This entry is part 8 of 25 in the series Kosovo War Diary by Alan Chin

Mar. 5, 1999

by | Feb 15, 2023 | History | 0 comments

Arrived Belgrade last night to mild, balmy weather after three weeks of Kosovo, where it has been muddy, icy, freezing, and nasty in many other ways besides the war. Belgrade is an extremely depressing place, but it is incredibly comforting to come back to this still cosmopolitan city, to stroll down the street, drink a beer in a sidewalk cafe, and check into my old haunt of the Hotel Moskva, where Trotsky and Djilas used to hang out, among others. I slept with the window open for the first time since last fall.

The anti-climactic end of the Rambouillet conference means that both sides are free to bang off a bit more, so every day has been a grueling routine of leaving Pristina at the crack of dawn to wander the countryside, getting stuck in mud most of the time. And for what? The KLA win this war just by existing, not by fighting. As Mao wrote in his instructions for the Red Army during their guerrilla days, “…when they come, we leave. When they leave, we come.” The Serbs have the firepower, the cities, and the road control to take one or two or three areas any time they want. But without the support of the civilian population or the resources to be everywhere at once, inevitably their control is limited to the range of their guns, and not an inch further. Everywhere in Kosovo, the front lines, such as they are, are five or six hundred yards apart, where the reach of a rifle ends.
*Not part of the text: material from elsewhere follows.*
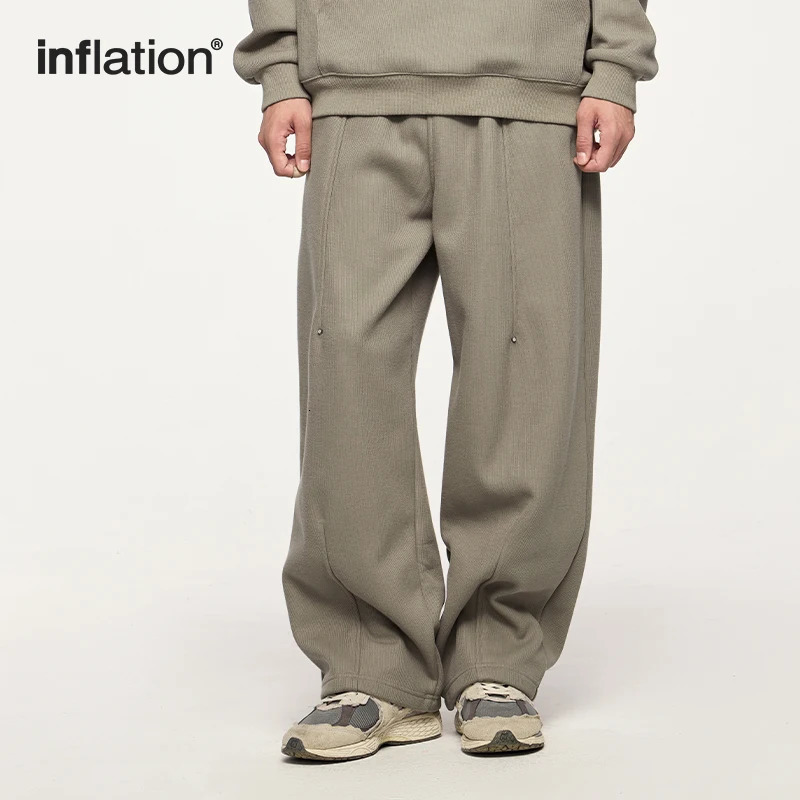 INFLATION Heavyweight Polar Fleece Lined Sweatpants Men Streetwear Straight Leg Pants Casual Trousers Unisex 241025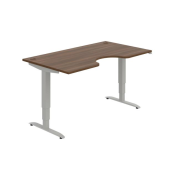 Pracovný stôl Motion Ergo, ZO, 3S, 160x61-128x90 cm, orech/sivá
And, of course, there are the dead: I’ve been given the not entirely reassuring title of “funeral specialist,” always the sad families and crowds of mourners, whether Serb or Albanian, the still bloody bodies, the what-would-otherwise-be-charming Eastern European stuff of wailing women and candles, except that all of these people have died needless and violent deaths…
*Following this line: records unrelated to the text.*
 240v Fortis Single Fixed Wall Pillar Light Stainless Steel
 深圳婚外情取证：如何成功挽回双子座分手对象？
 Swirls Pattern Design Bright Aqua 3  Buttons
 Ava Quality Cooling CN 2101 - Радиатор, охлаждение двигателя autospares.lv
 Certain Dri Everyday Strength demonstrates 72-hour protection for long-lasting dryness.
Thanks to the surreal gears of Yugoslav bureaucracy, I managed this morning to get my official accreditation in two hours, a procedure that normally takes at least two weeks if not months or forever, and I am finally entitled to a multiple-entry visa. However, since my current visa expires today and it cannot be renewed, I must leave the country by midnight, and come back Monday. So I get to go to Budapest for the weekend. I did not complain too loudly.